> **Problem requirements**: Using the listing below, set down exactly the lines from the one that contains "2-4-10pcs perles épingles" through the one that contains "Stepped 45 Degree", with no pictures.

> **Source records**:

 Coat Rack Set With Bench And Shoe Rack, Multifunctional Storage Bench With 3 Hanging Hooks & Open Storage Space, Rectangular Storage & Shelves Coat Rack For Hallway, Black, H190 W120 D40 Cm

==

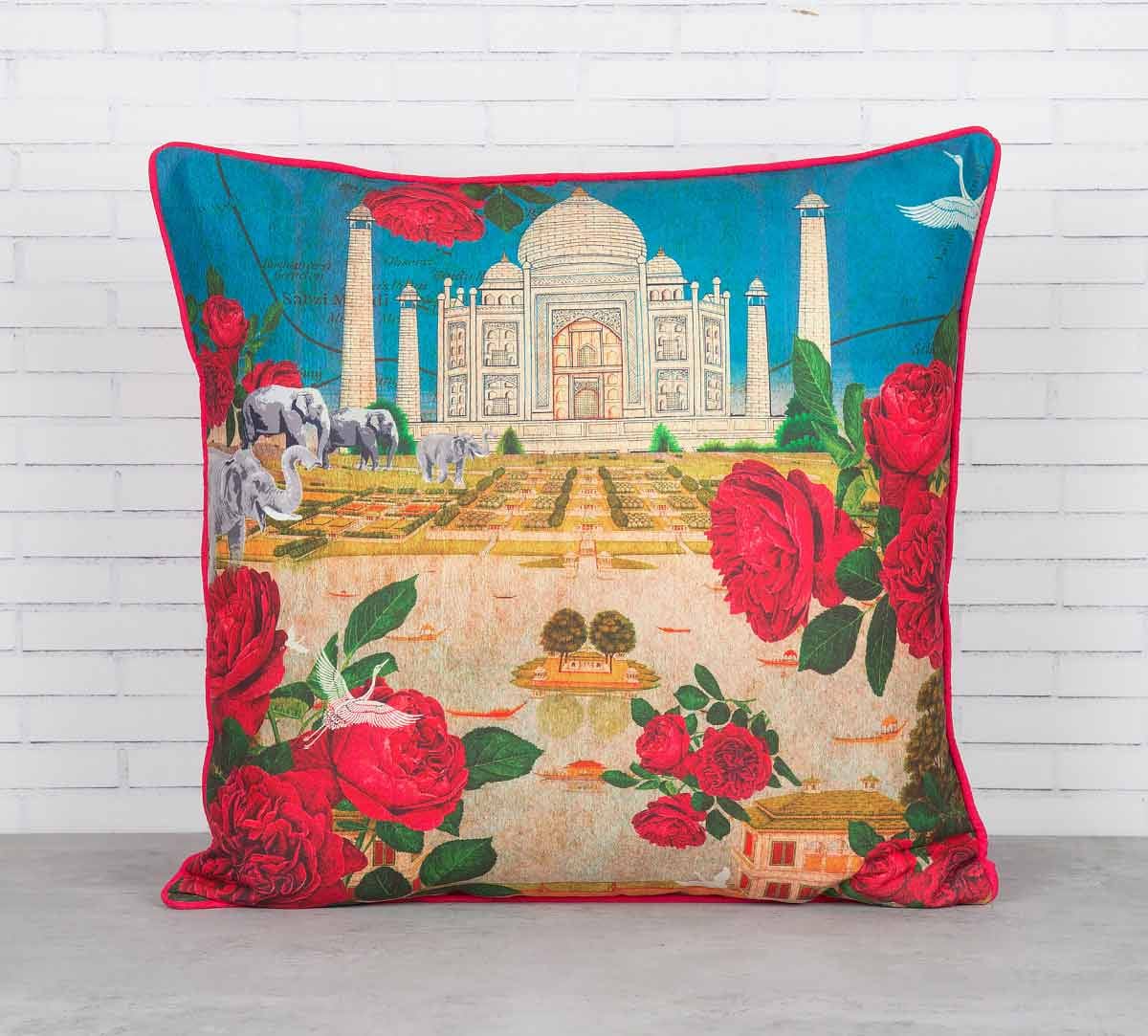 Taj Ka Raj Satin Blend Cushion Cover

* * *

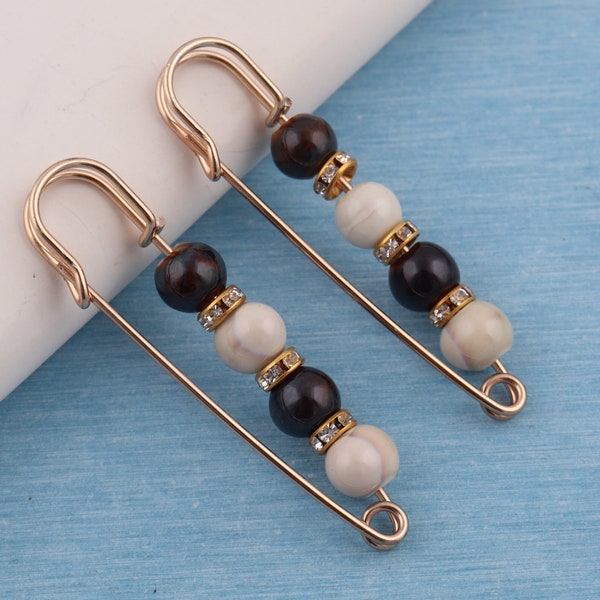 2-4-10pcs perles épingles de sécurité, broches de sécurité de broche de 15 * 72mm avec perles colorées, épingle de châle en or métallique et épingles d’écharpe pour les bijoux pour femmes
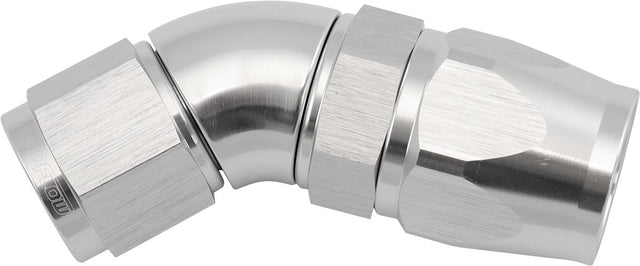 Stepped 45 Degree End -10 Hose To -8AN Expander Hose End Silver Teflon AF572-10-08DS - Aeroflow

> **Response box**:
 2-4-10pcs perles épingles de sécurité, broches de sécurité de broche de 15 * 72mm avec perles colorées, épingle de châle en or métallique et épingles d’écharpe pour les bijoux pour femmes
 Stepped 45 Degree End -10 Hose To -8AN Expander Hose End Silver Teflon AF572-10-08DS - Aeroflow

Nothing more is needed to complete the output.